Top Christian nationalist podcasters spread claims that Jews 'drain blood' from children
A pair of right-wing podcasters trying to establish a Christian nationalist community in Tennessee have been promoting virulent anti-Semitism.
Pastor Andrew Isker and his sidekick C.Jay Engel, the hosts of what they describe as "the No. 1 Christian nationalist podcast in the world," have spread anti-Semitic claims and hosted Holocaust deniers and Nazi sympathizers on their Contra Mundum podcast, reported WTVF-TV.
“Jews in the biblical sense, right, they do not exist today anymore, right?" Isker said in a recent interview with far-right pastor Joel Webbon. "It's only Christians and non-Christians."
The pair have invited technology entrepreneur Ron Unz, who runs a website that links to white supremacist and anti-Semitic content, to discuss Nazi sympathizer Charles Lindberg, who Engel declared as "one of the great American heroes of the 20th Century."
"Ron Unz is an idea man and, unfortunately, the vast majority of his ideas are anti-Semitic and the vast majority of the people who he platforms share many of those anti-Semitic ideas," said Aryeh Tuchman, director of the Anti-Defamation League’s Center on Extremism.
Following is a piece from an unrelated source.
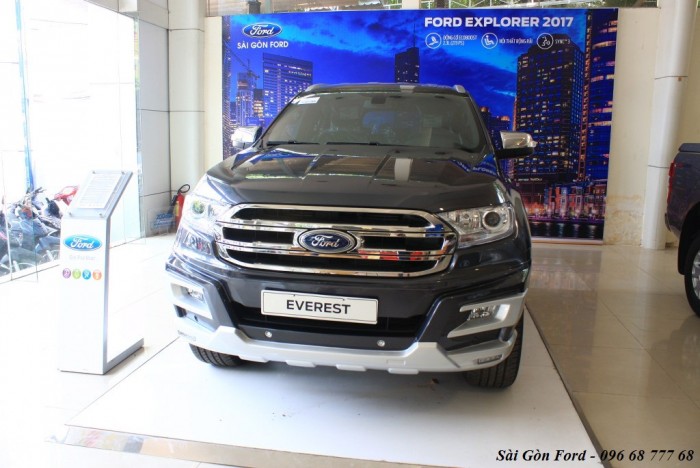 Khuyến mãi mua xe Ford Everest Trend 2019, số tự động, đủ màu, vay trả góp chỉ 200 triệu, giao xe trong 30 ngày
Isker – who holds unconventional views about airport scanners – promoted essays written by Unz in which he claims that "per capita Jews were the greatest mass murderers of the 20th Century” and “religious Jews apparently pray to Satan almost as readily as they pray to God," and he endorses the vile blood libel myth alleging that Jews once "kidnapped small Christian children in order to drain their blood for use in various magic rituals."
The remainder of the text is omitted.